1º de janeiro de 2023: Lula, por meio de decretos, reativou o Fundo Amazônia, revogou a possibilidade de segregação educacional de crianças, jovens e adultos com deficiência criada pela chamada "Política Nacional de Educação Especial: Equitativa, Inclusiva e com Aprendizado ao Longo da Vida" de Bolsonaro; estabeleceu diretrizes mais severas para o controle de armas (o registro de armas cairia 79% até o fim do ano), ampliou a composição do Conselho Deliberativo do Fundo Nacional do Meio Ambiente; extinguiu o programa de Bolsonaro que poderia levar ao estímulo do garimpo ilegal, o "Programa de Apoio ao Desenvolvimento da Mineração Artesanal e em Pequena Escala"; por medida provisória, criou auxílio complementar para os beneficiários do Auxílio Brasil e do Auxílio Gás, entre outras medidas, que incluíram a revogação dos processos de privatização de estatais como a Petrobras e os Correios.

1º de janeiro de 2019: O primeiro decreto de Jair Bolsonaro foi estrategicamente direcionado contra os trabalhadores: ele reduziu o valor previsto para o salário mínimo (Temer havia fixado em mil e seis reais para 2019, Bolsonaro baixou para 998 reais). Ele acabou com a política de valorização do salário mínimo, retomada apenas com a volta do presidente Lula. A medida provisória de reorganização dos ministérios jogava a competência para a demarcação das terras indígenas e dos quilombolas para uma órgão sem expertise nem simpatia pelo tema, o Ministério da Agricultura (pressionado, o governo teve de voltar atrás e devolver essas competências para o Ministério da Justiça, embora o Ministro da pasta, Sérgio Moro, dissesse que não tinha "interesse" nesses assuntos: de fato, sua gestão seria considerada "péssima" pelas lideranças indígenas), e acabava com as políticas de diversidade no recém-criado ministério heteróclito da Mulher, da Família e dos Direitos Humanos. 


8 de janeiro de 2023: Tentativa malograda de golpe de bolsonaristas que ficaram acampados semanas em Brasília diante do quartel sobre a amabilidade do Exército, e puderam vandalizar as sedes dos três Poderes sob a leniência das forças de segurança, cuja imagem mais emblemática é a da bunda golpista defecando no Supremo Tribunal Federal.
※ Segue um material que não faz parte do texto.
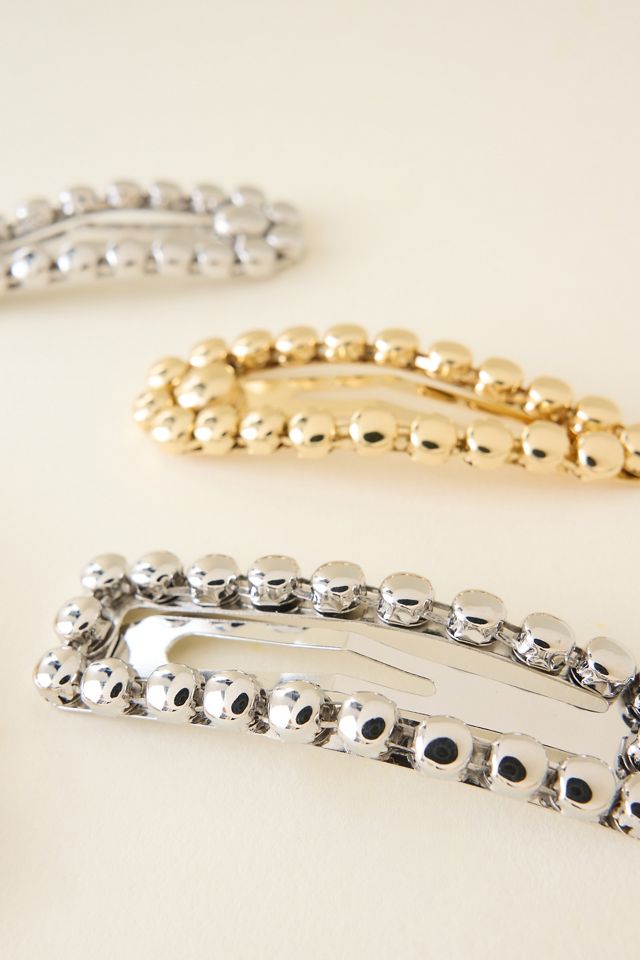 Metal Studded Hair Clips, Pack of 4 #1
Já há condenados pelos atos criminosos. A CPI sobre o tema concluiu pela responsabilidade de Jair Bolsonaro, mas o Judiciário não decidiu ainda sobre o ex-presidente, hoje inelegível por causa da prática de ilícitos eleitorais.

8 de janeiro de 2019: Golpe efetuado do governo bolsonarista, aliado do secular latifúndio (hoje apelidado de "agronegócio"), contra os quilombolas e os trabalhadores do campo: foi determinada a paralisação da reforma agrária e da demarcação das terras de quilombolas, em evidente descumprimento da Constituição da República: vejam os artigos 184 a 191 e o artigo 68 do Ato das Disposições Constitucionais Transitórias. Um exemplo de inconstitucionalidade alçada ao patamar de política de governo.


10 de janeiro de 2023: A Polícia Federal encontrou o que chamou de "minuta de golpe" na casa de Anderson Torres, ex-ministro da justiça de Jair Bolsonaro e secretário de segurança pública do Distrito Federal - segurança que falhou ostensivamente no 8 de janeiro.  A minuta previa a declaração de "estado de defesa" no Tribunal Superior Eleitoral para reverter os resultados das eleições de 2022.

10 de janeiro de 2019: Matéria do G1: "Flávio Bolsonaro não comparece ao MP-RJ para depor sobre relatório do Coaf", caso que trata da "movimentação financeira atípica de funcionários do seu gabinete na Assembleia Legislativa do Rio (Alerj)".


14 de janeiro de 2023: Prisão do ex-ministro da justiça de Jair Bolsonaro e ex-secretário de segurança do Distrito Federal Anderson Torres, em razão das investigações da tentativa de golpe em 8 de janeiro. Ele ficaria 117 dias preso.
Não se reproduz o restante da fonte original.